On Thursday, earnings highlights include expected results from Sears (SHLD), Abercrombie & Fitch (ANF), Tiffany’s (TIF), and Dollar Tree (DLTR). Covering a wide swath of U.S. consumers, these results will give markets more fodder for discussions about the health of consumers and the future of brick and mortar retailers.
On the economic calendar, existing home sales in July and the latest report on initial jobless claims will be highlights in the morning, but the biggest economic event of the week will also kick off in the evening with the start of the Jackson Hole symposium, the year’s biggest meeting of central bankers held in the Wyoming resort town by the Kansas City Fed.

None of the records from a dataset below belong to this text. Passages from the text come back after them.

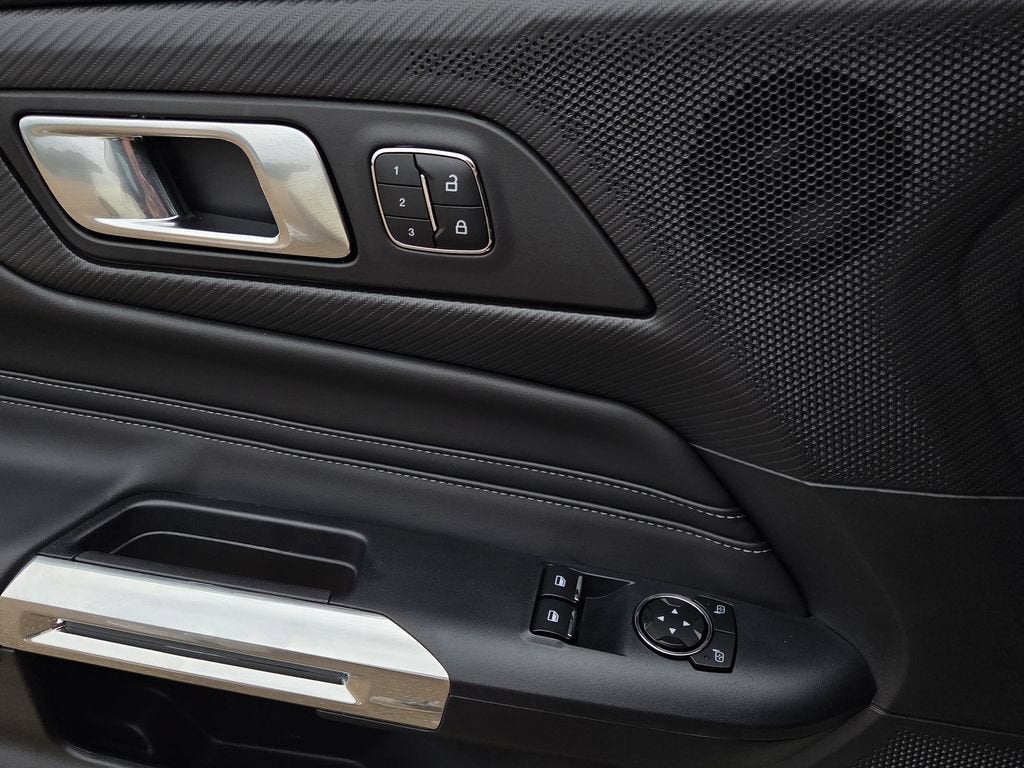 2025 Ford Mustang GT Premium Fastback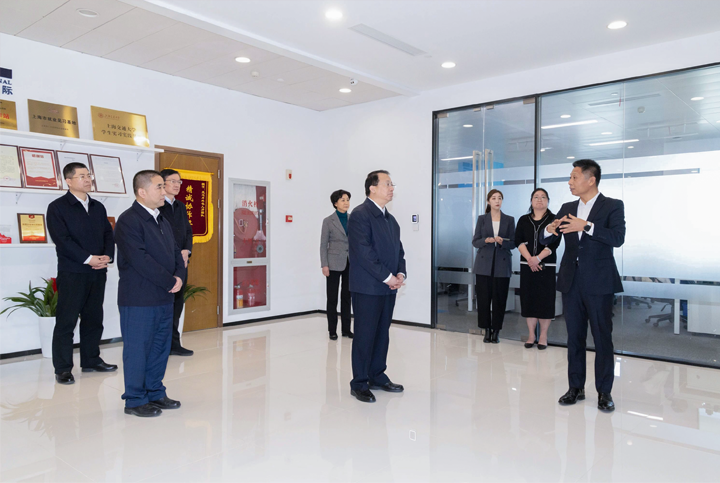 上海市长龚正一行察看AI知名人力资源服务公司G22恒峰集团国际的AI赋能人力资源数据动态分析平台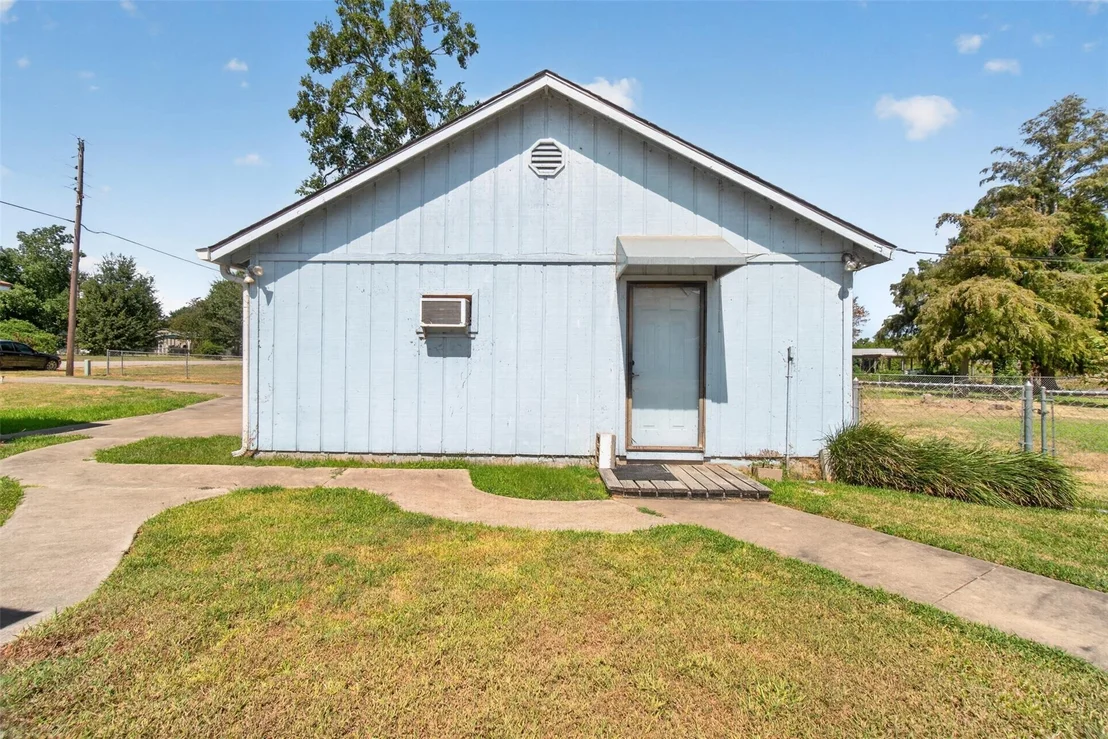 Photo of 281 Lakeshore N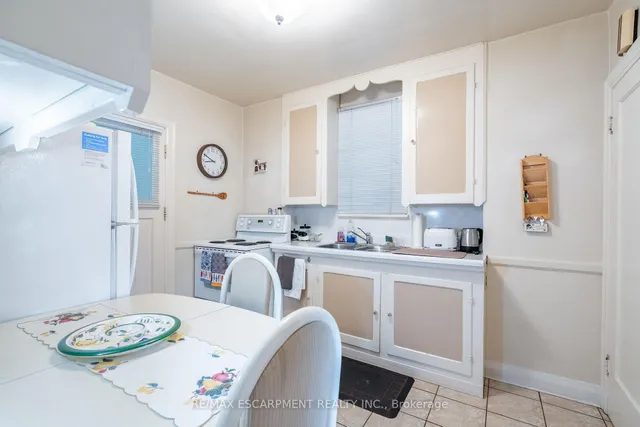 Additional image 20 of 204 Emerald St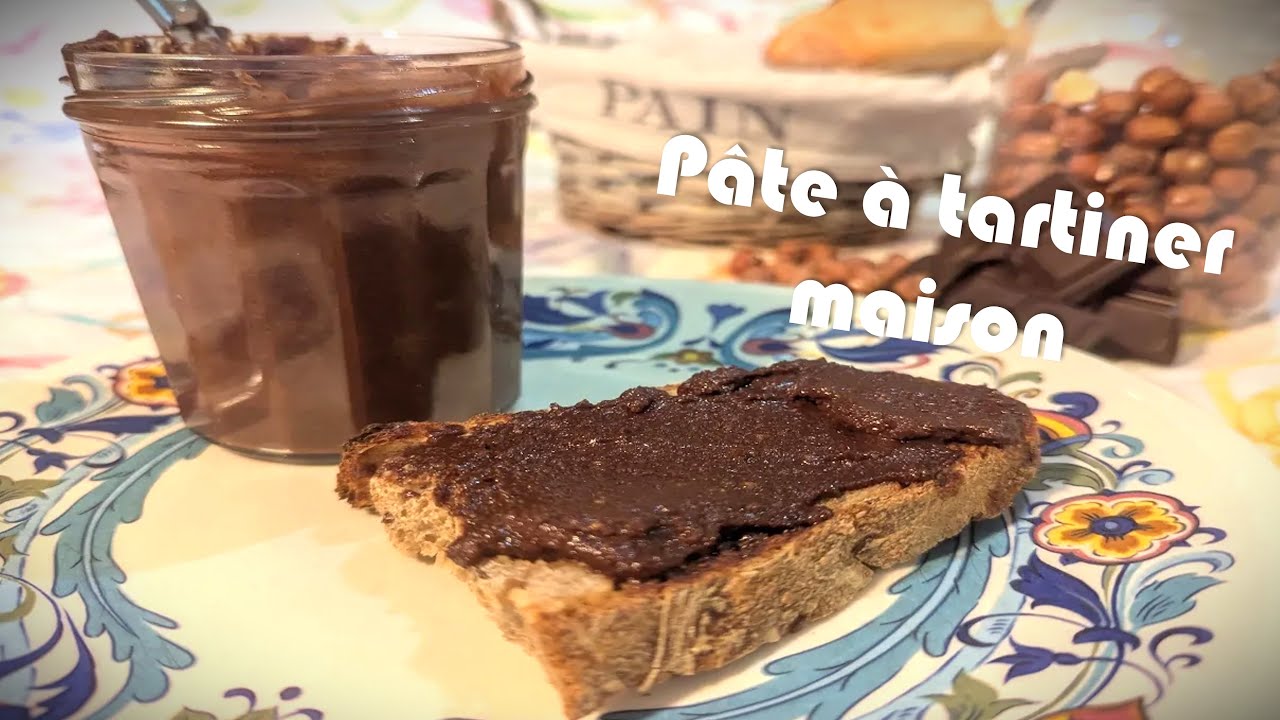 Comment faire une pâte à tartiner maison saine et gourmande (4 ingrédients seulement !) 🍫🌰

Federal Reserve Chair Janet Yellen is expected to speak in what could be her final symposium as Fed Chair — her term expires in February — with European Central Bank chief Mario Draghi also expected to speak during the event.

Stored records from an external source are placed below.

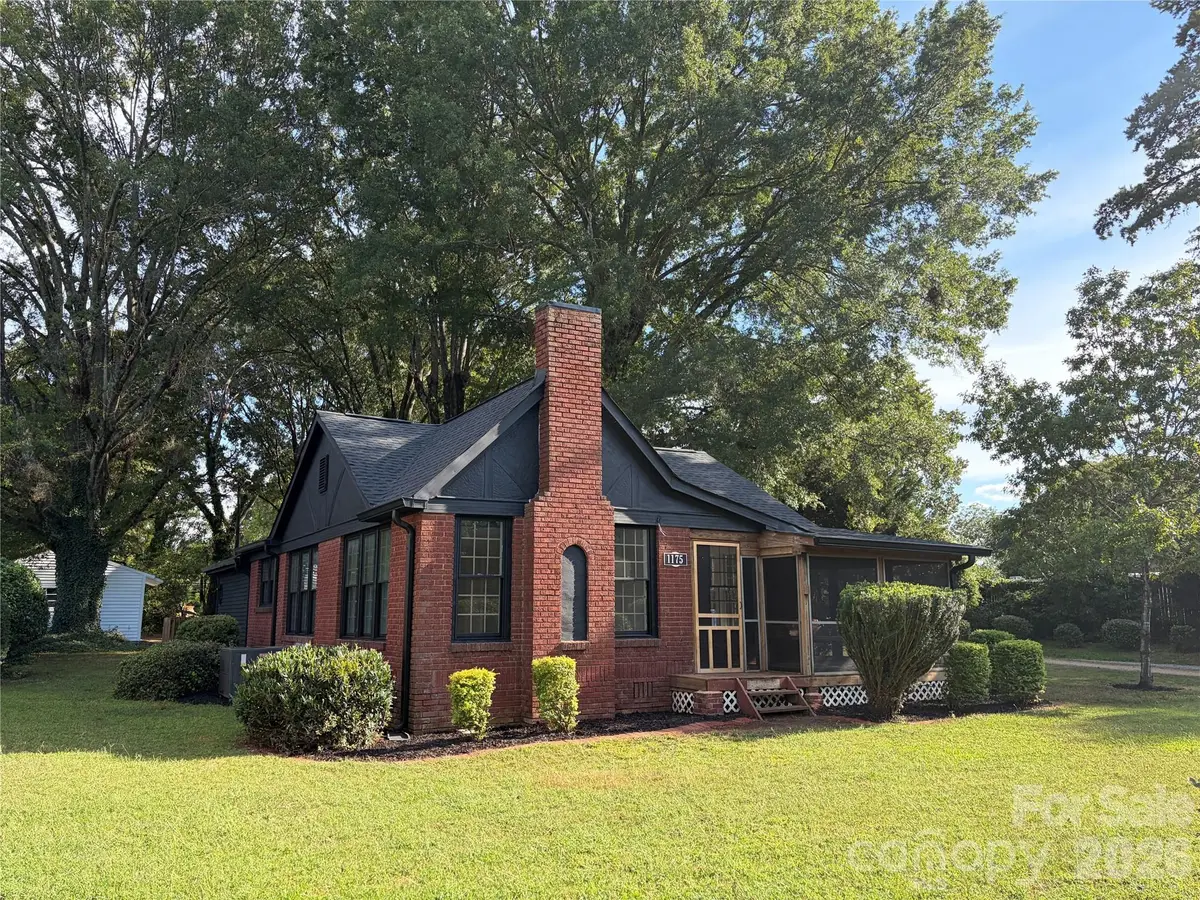 1175 Mecklenburg Highway, Mooresville, NC 28115 - #1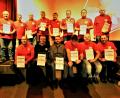 Bild: exb
Einige Gründungsmitglieder des FC Bayern-Fanclubs Sulzbach-Rosenberg und Jubilare, die unmittelbar danach dazugestoßen sind.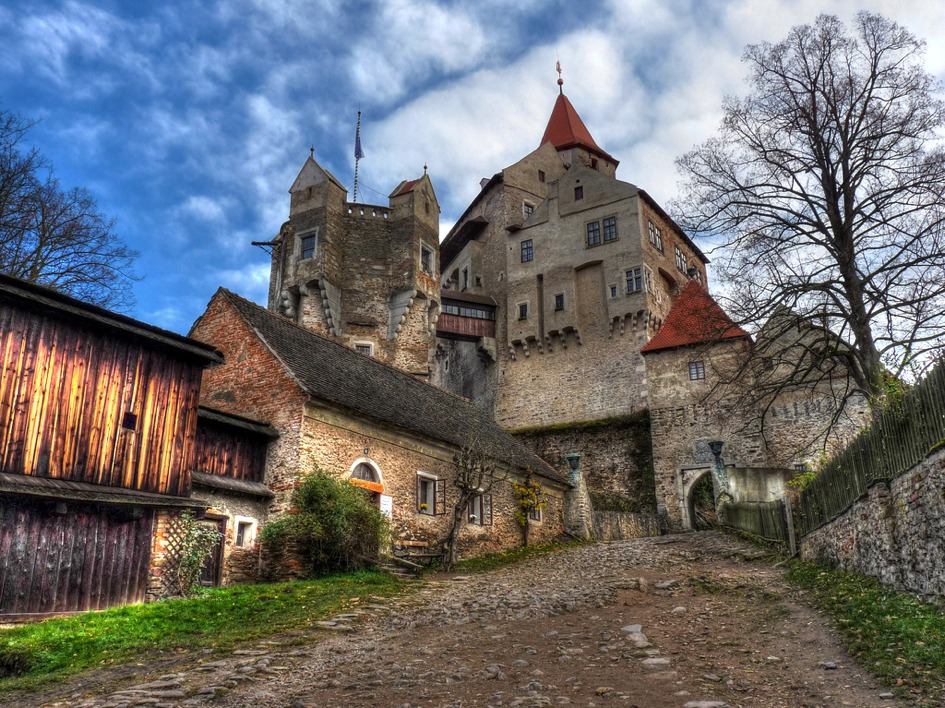 Státní hrad Pernštejn foto 3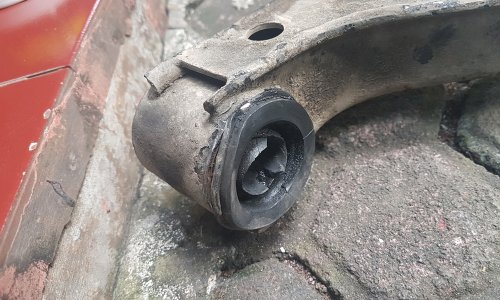 Buat Yang Belum Tahu, Begini Gejala Bushing Arm Mobil Bekas Rusak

Earlier this week, Yahoo Finance’s Sam Ro noted that Yellen’s speech could “inadvertently” send a hawkish signal to markets — meaning it would point towards more aggressive action from the central bank than intended — given the topic Yellen is set to tackle, which is financial stability. Sometimes called the Fed’s “third mandate” (its two official mandates are full employment and 2% inflation), financial stability is basically what it sounds like — financial conditions that allow business to flourish but do not create undo risks, i.e. bubbles, in the economy.
In a note to clients on Wednesday, Michael Feroli, an economist at J.P. Morgan, said the most likely outcome for Yellen’s speech is a fairly neutral discussion of the Fed’s regulatory and supervisory responsibilities. Feroli adds that this would be in keeping with Yellen’s previous speeches at Jackson Hole which were more academic in nature and not a real signal for future policy.
Feroli writes that Yellen’s history at the event, “suggests Yellen doesn’t want Jackson Hole to be considered a venue for signaling shifts in monetary policy.” And so those looking for a signal on whether the Fed will begin paring its balance sheet in September or raise rates again in December could be disappointed.
The next most likely outcome for Friday morning’s remarks, however, is more of a policy signal. “We see the next most likely outcome as the hawkish one that signals alertness to financial stability concerns as a reason to continue gradually firming policy,” Feroli writes.
Which means that Yellen could use this speech to make the case for the Fed continuing to tighten monetary policy in the face of below-target inflation, a criticism that has gained steam during the summer months and after June saw the Fed raise rates for the third time in six months.